• **YOUR GOAL**
The result should be the full listing copied exactly, with no pictures in it.

• **RAW DATA**
- Opening Delimiter -
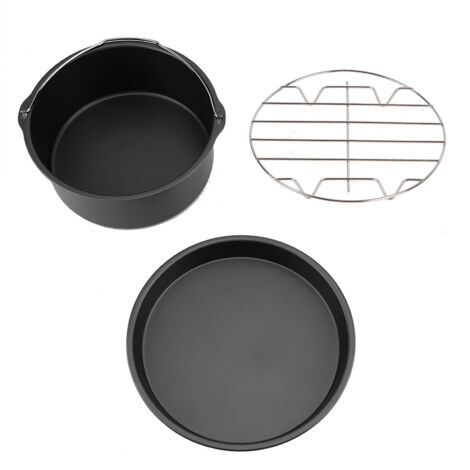 Accessoire Friteuse sans Huile 3 en 1 : Grille Pain, Moule à Gâteau et Plateau à Pizza Noir (20 cm) (1/5)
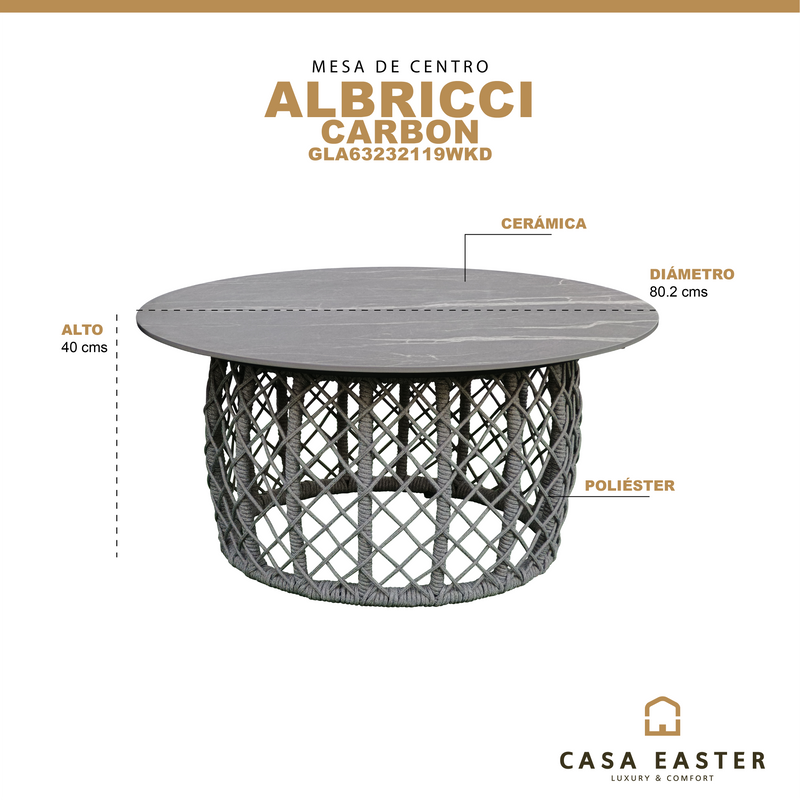 Cargue la imagen en el visor de la galería, Mesa de centro Albricci color carbon - GLA6323231WKD
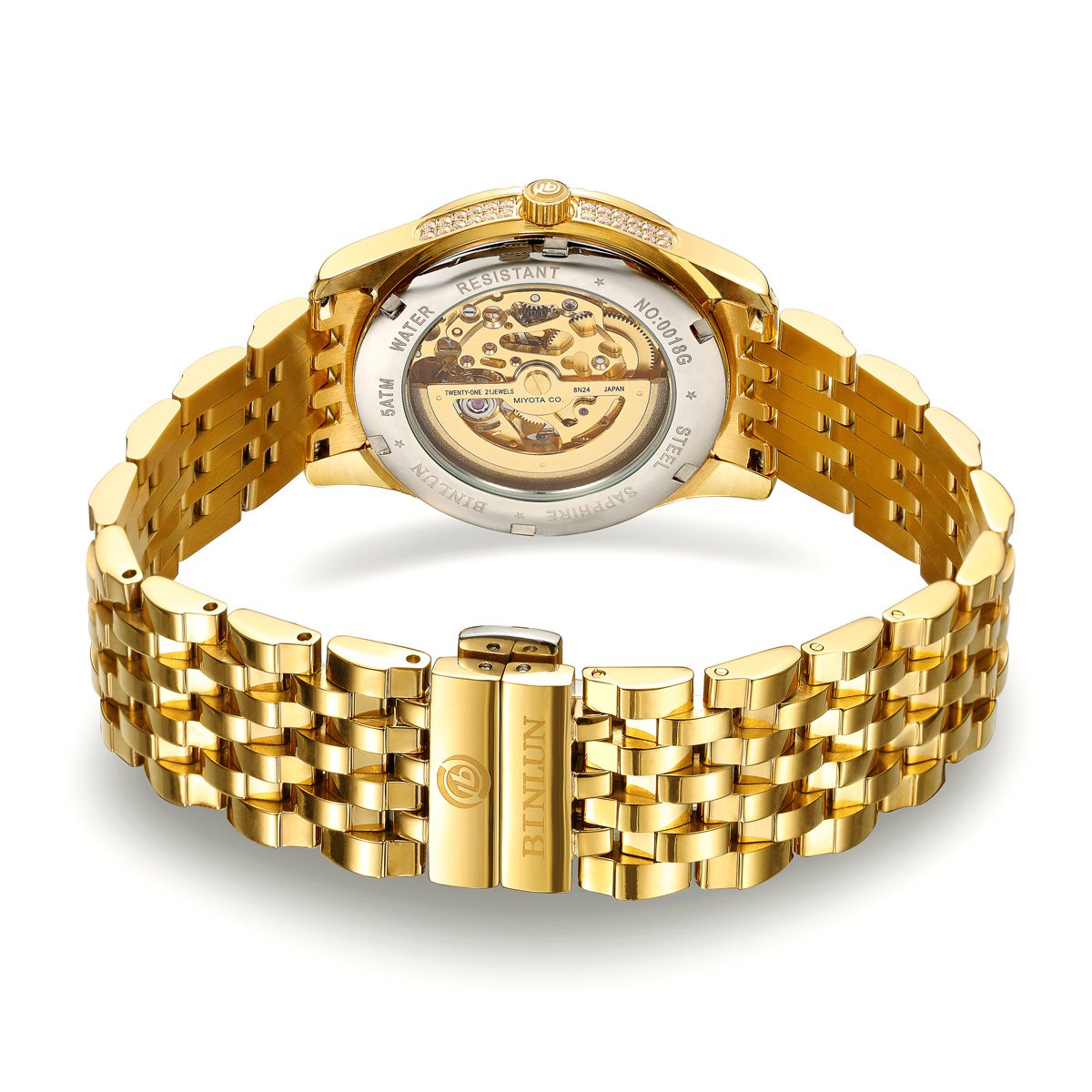 Годинник Binlun Analogue Automatic з браслетом з нержавіючої сталі позолоченим 18K Skeleton для Дня Святого Валентина, фото №5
- Closing Delimiter -
• **OUTPUT OF THE EXERCISE**
 Accessoire Friteuse sans Huile 3 en 1 : Grille Pain, Moule à Gâteau et Plateau à Pizza Noir (20 cm) (1/5)
 Cargue la imagen en el visor de la galería, Mesa de centro Albricci color carbon - GLA6323231WKD
 Годинник Binlun Analogue Automatic з браслетом з нержавіючої сталі позолоченим 18K Skeleton для Дня Святого Валентина, фото №5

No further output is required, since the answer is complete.